Emily olhou para o parque e viu as duas zunindo pelo playground. Chantelle, percebeu, não estava brincando com elas. Em vez disso, estava com os meninos, Toby, Levi e Ryan, participando de um tipo de jogo muito mais áspero e caótico. Ela se perguntou por que não estavam brincando todos juntos.
Yvonne sussurrou: "Mas eu espero que ela não a convide para brincar lá em casa". Eu conheci a mãe esta manhã. Ela é tão azeda quanto a filha. E o nome da menina é Laverne".

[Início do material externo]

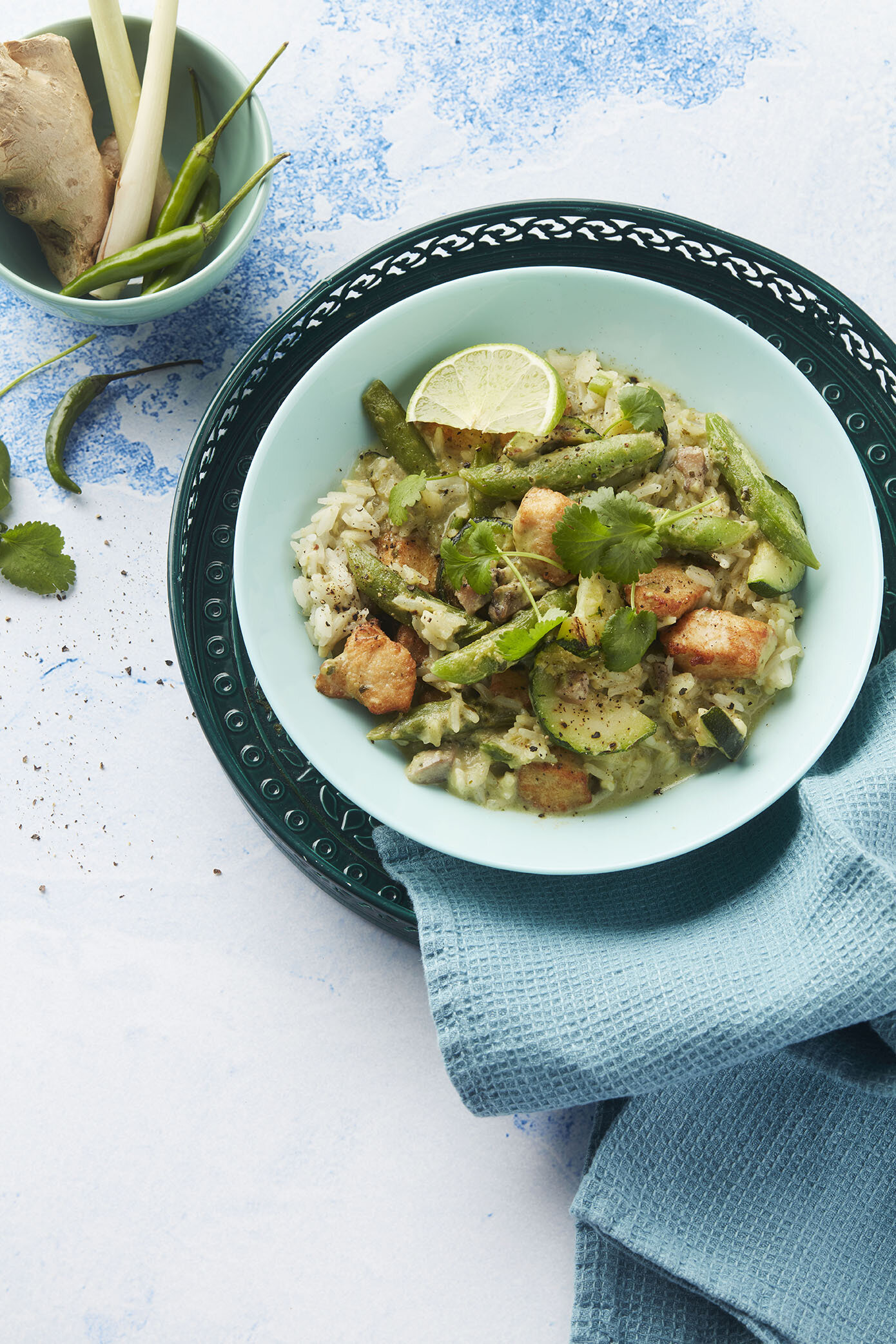 Thai Green Curry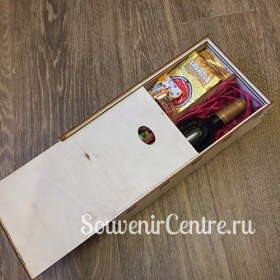 коробка пенал для упаковки подарков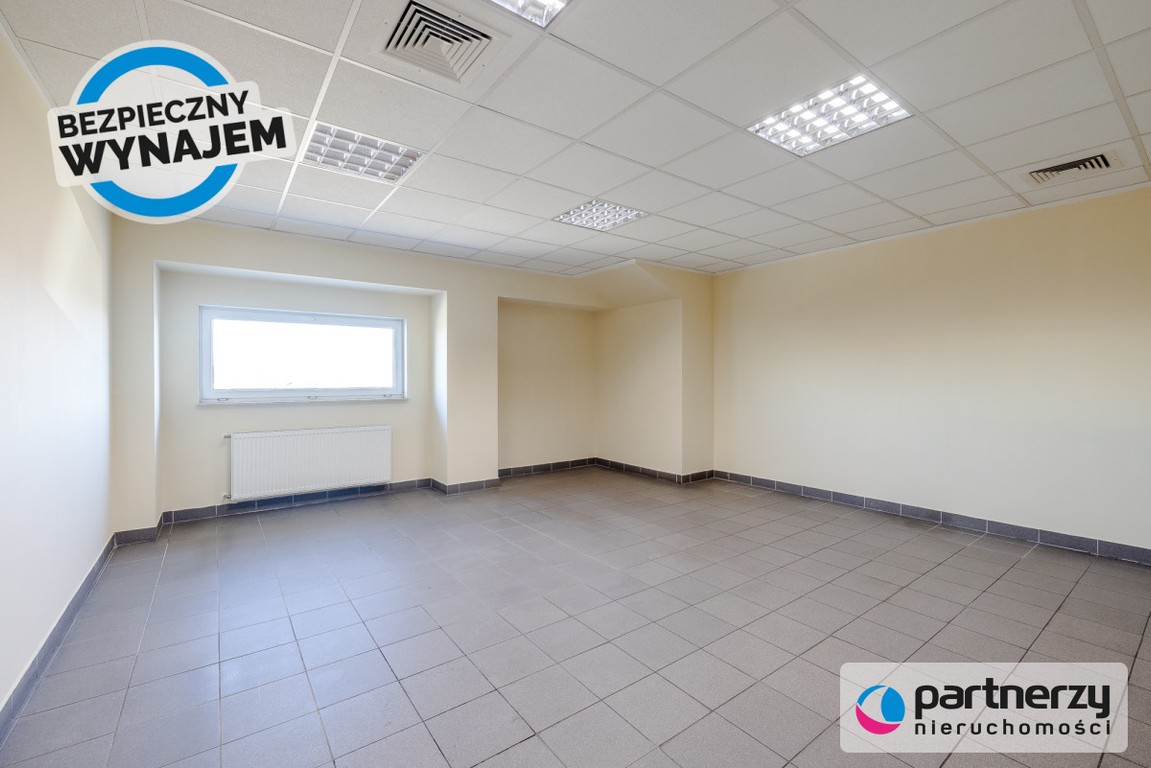 Pomieszczenia biurowe w Gdańsku! - View 6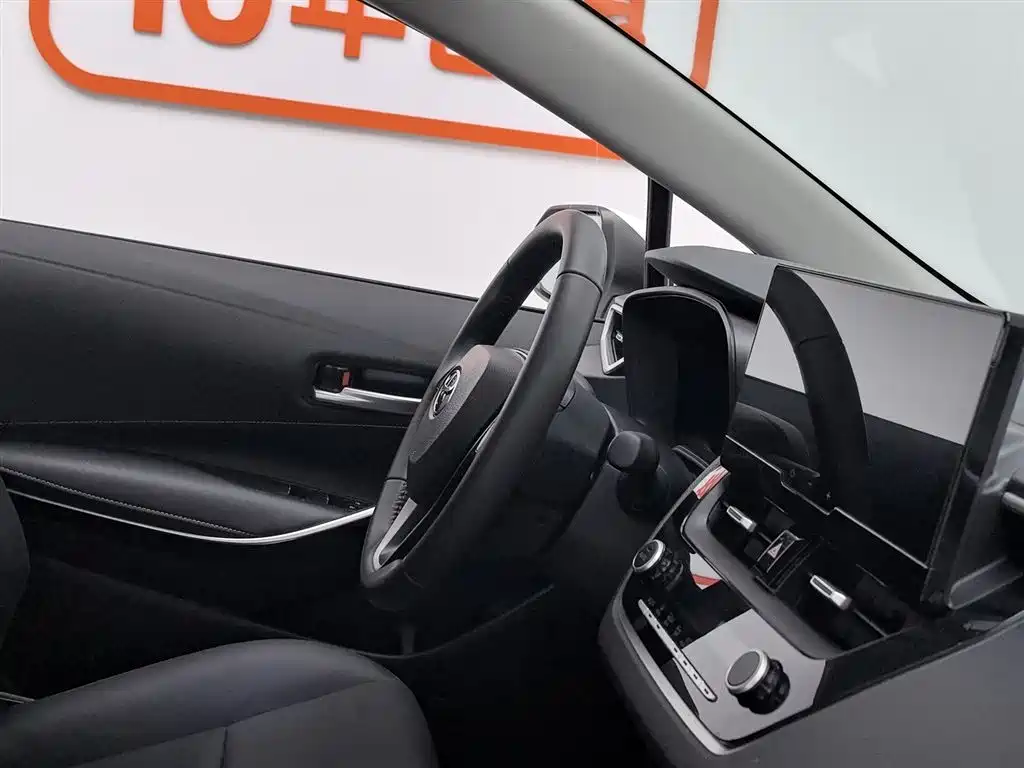 Toyota Corolla 2024 Model 1.8L Smart Hybrid Elite Edition фото 22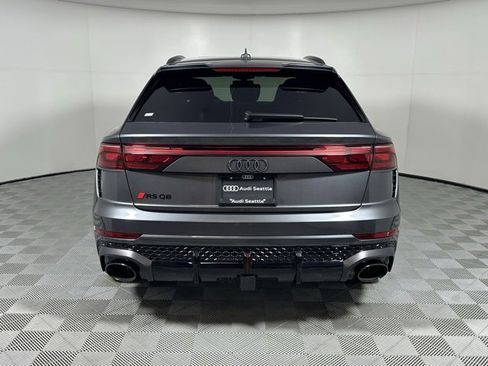 New 2026 Audi RS Q8 performance image 6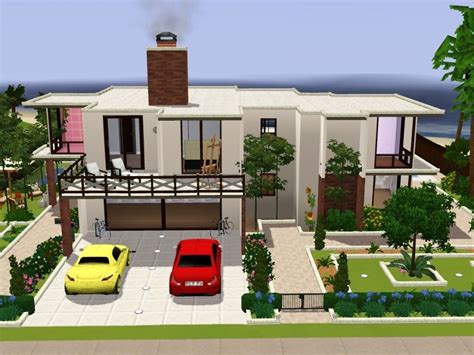 This image has dimension 820x625 pixel and file size 0 kb, you can click the image above to see the large or full size photo. The Sims 4 House Design Tips | Modern Design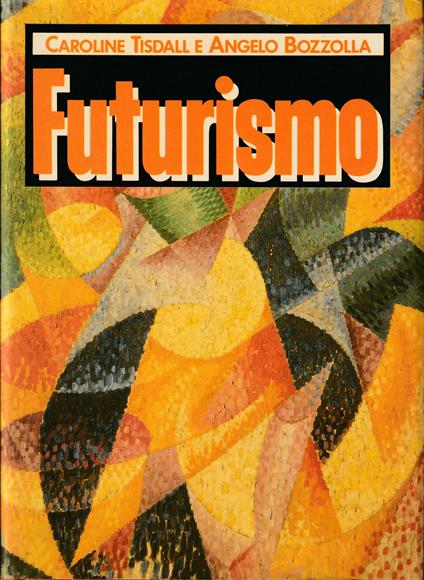 Futurismo - copertina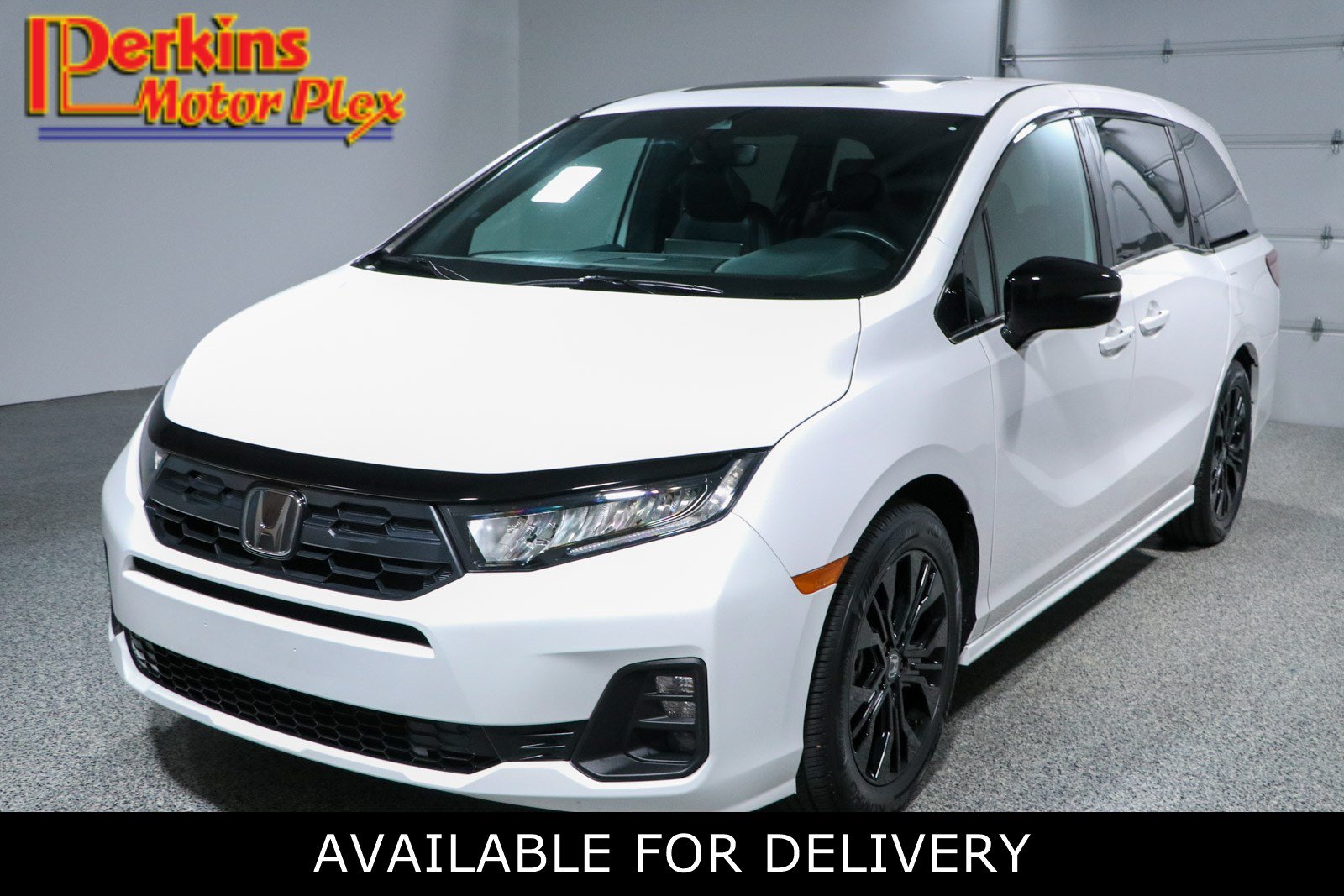 2025 Honda Odyssey Sport L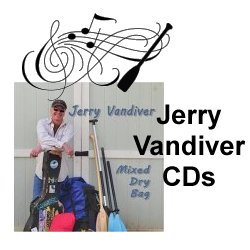 Jerry Vandiver CDs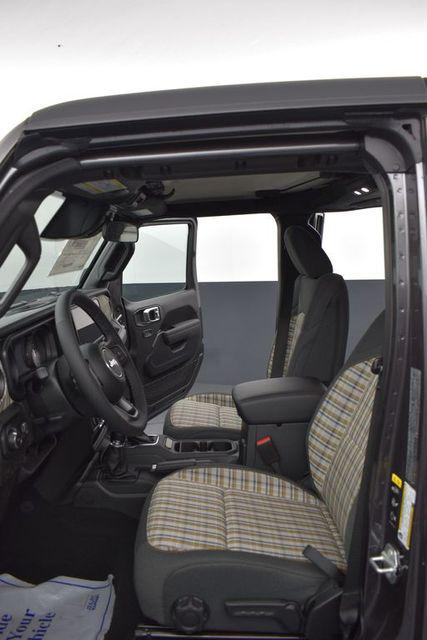 2026 Jeep Wrangler 4-Door 85th Anniversary Edition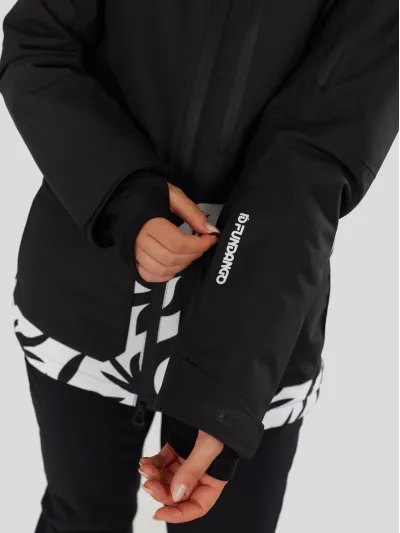 Fundango - Poplar ECO Jacket - Női síkabát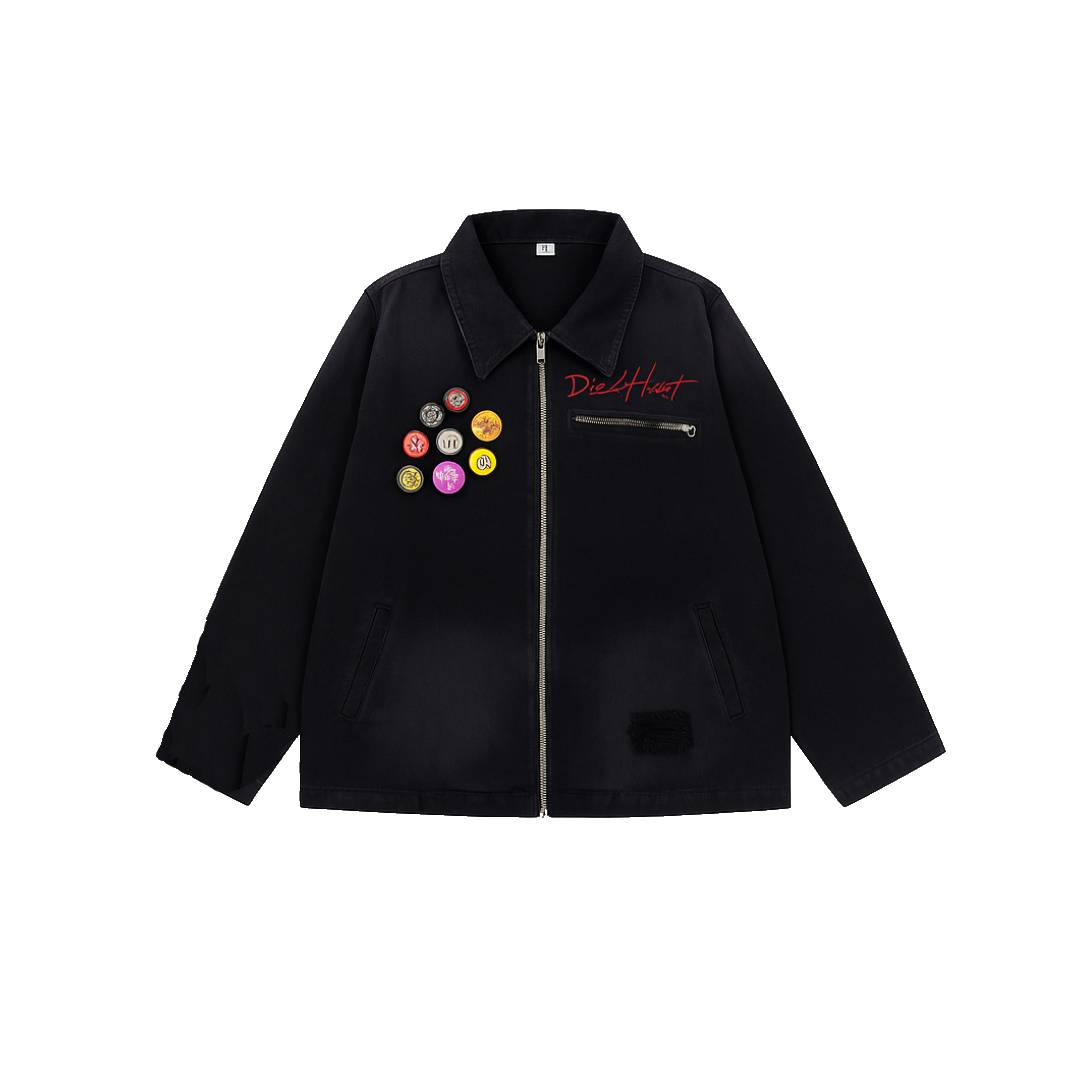 Cargo Jacket - Primo Collection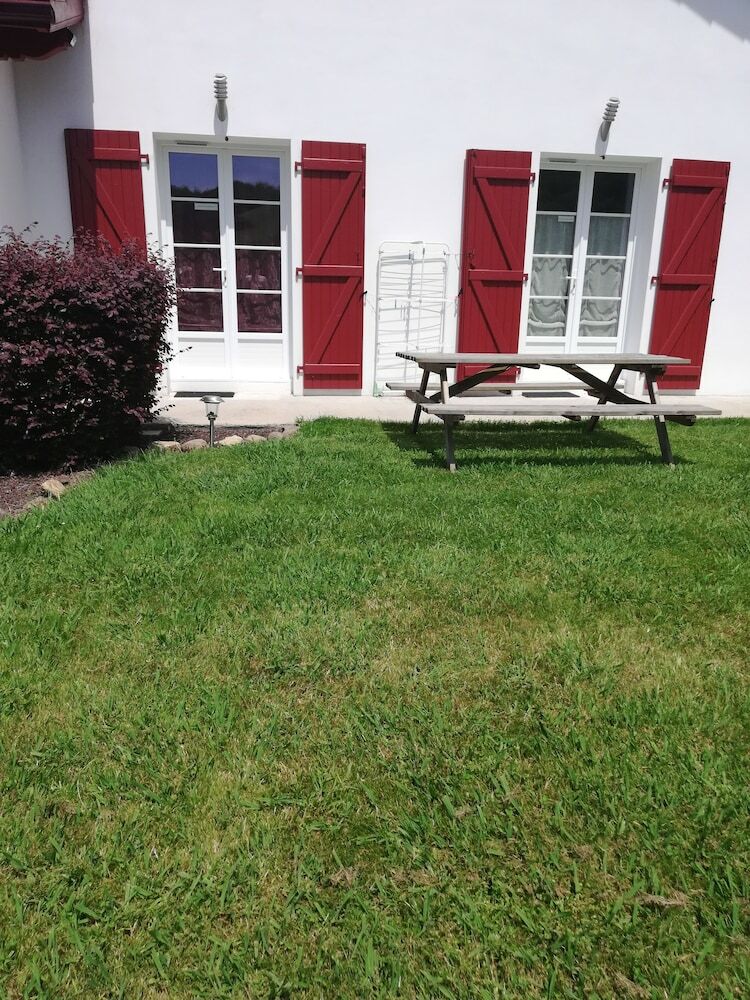Hotel Chambres Errobi Alde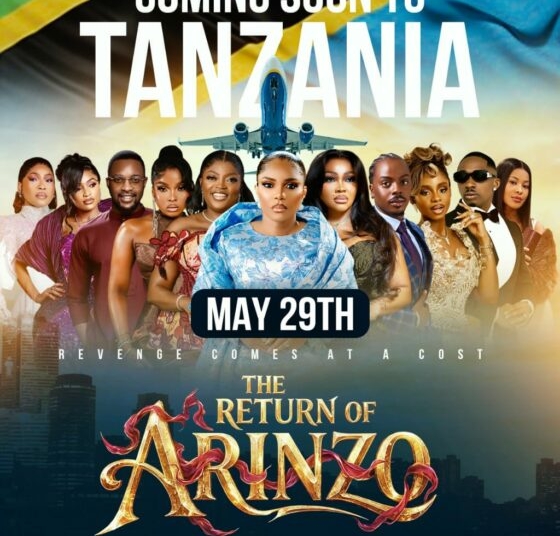 Return Of Arinzo Finally Comes To Big Screens In Tanzania - Iyabo Ojo 1 WhatsApp Image 2026 05 24 at 9.01.47 PM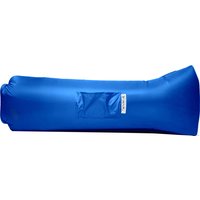 Надувной шезлонг Биван 2.0 (синий) [BVN17-ORGNL-BLU]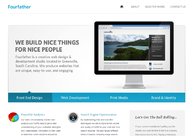 A great web design by Fourfather, Atlanta, GA: 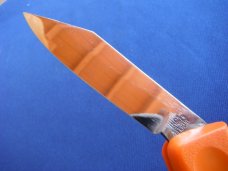 INOX Solingen Edge Mark One Single Folding Pocket Knife Made In Germany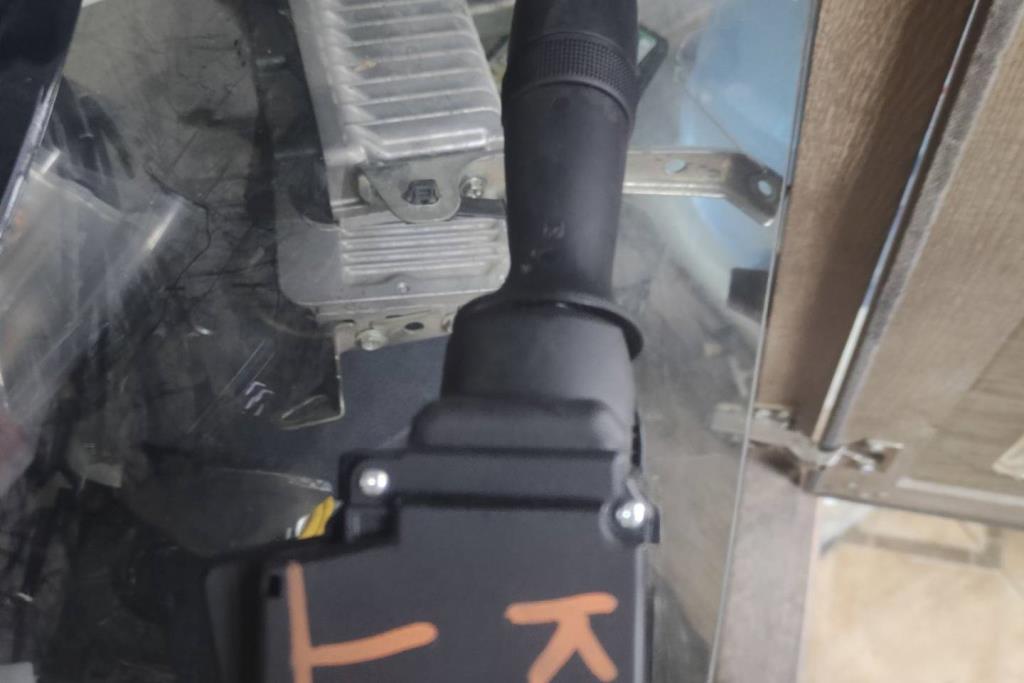 Cabin  Control buttons Toyota Camry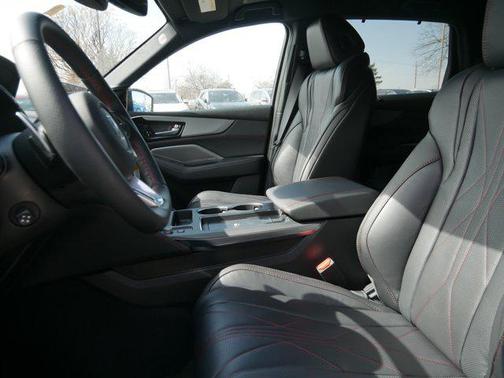 Majestic Black Pearl 2026 Acura MDX A-SPEC Advance Package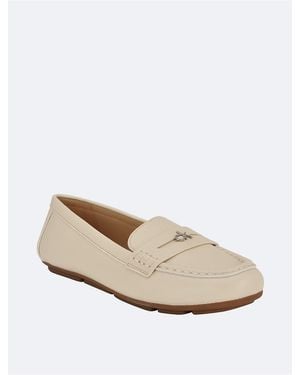 Calvin Klein Lassa Loafer - White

Emily não pôde deixar de rir. Era tão bom conversar novamente com suas amigas que também eram mães, de volta aos portões da escola. Da última vez que havia feito isso, tudo ainda era novo e estranho. Chantelle apareceu do nada e mudou completamente a vida de Emily. Mas ela não mudaria nada agora. Tornar-se mãe tinha sido a melhor experiência de sua vida, e ela amava as sensações, as oportunidades que isso lhe dava, e as pessoas que conhecera no processo.
Ela viu Suzanna se aproximando com o bebê Robin amarrado ao peito num sling, com seus pezinhos balançando a cada passo que ela dava. Logo, seria Emily, ela percebeu, seu coração tornando-se maior ao pensar nisso, com animação, mas também por causa da ansiedade. Charlotte ia mudar tudo de novo, assim como Chantelle mudara. E Roy não estaria lá para ajudá-la ao longo do processo. Mas, enquanto olhava de Suzanna para Yvonne e para Holly, sabia que tinha as melhores pessoas do mundo ao seu lado, para lhe dar apoio. Ela podia fazer isso. Podia fazer qualquer coisa com o apoio de suas amigas.
Ela percebeu então que tinha ficado tão absorvida em recuperar o atraso com suas amigas que perdeu a noção do tempo.
"É melhor eu ir conhecer a nova professora", disse ela, virando-se para a escada.
Mas no mesmo momento em que fez isso, notou Daniel se aproximando. Ele estava olhando para o relógio com uma expressão de alarme.
"Daniel!" Yvonne gritou, com entusiasmo.
"Olá a todos", disse ele, aproximando-se do grupo de mães. "Sinto muito, mas não posso parar para conversar, tenho que começar a trabalhar". Ele se virou para Emily. "Ainda quer uma carona até o Joe?"
"Posso me apresentar à professora primeiro?" Emily perguntou.
Daniel olhou para o relógio, tenso. "Hum..., bem..." ele disse, parecendo um pouco confuso.
Emily podia sentir que ele estava obviamente ansioso para causar uma boa impressão em sua nova posição no trabalho, após a promoção. Ela decidiu deixar pra lá e não criar confusão.